Once you find the line containing "4736 Swordfish Way" in the data below, copy it and each following line exactly, up to and including the line containing "Pantalone MAINA P.141", and nothing else.

Top of Material for the task

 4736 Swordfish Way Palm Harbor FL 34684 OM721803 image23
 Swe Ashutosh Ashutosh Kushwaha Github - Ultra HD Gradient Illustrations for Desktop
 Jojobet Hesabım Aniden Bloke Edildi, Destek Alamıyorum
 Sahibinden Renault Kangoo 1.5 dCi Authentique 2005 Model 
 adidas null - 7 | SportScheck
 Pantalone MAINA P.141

Bottom of Material for the task
Top of Material for the task

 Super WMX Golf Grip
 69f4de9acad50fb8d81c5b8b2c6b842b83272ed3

Bottom of Material for the task

Task answer
 4736 Swordfish Way Palm Harbor FL 34684 OM721803 image23
 Swe Ashutosh Ashutosh Kushwaha Github - Ultra HD Gradient Illustrations for Desktop
 Jojobet Hesabım Aniden Bloke Edildi, Destek Alamıyorum
 Sahibinden Renault Kangoo 1.5 dCi Authentique 2005 Model 
 adidas null - 7 | SportScheck
 Pantalone MAINA P.141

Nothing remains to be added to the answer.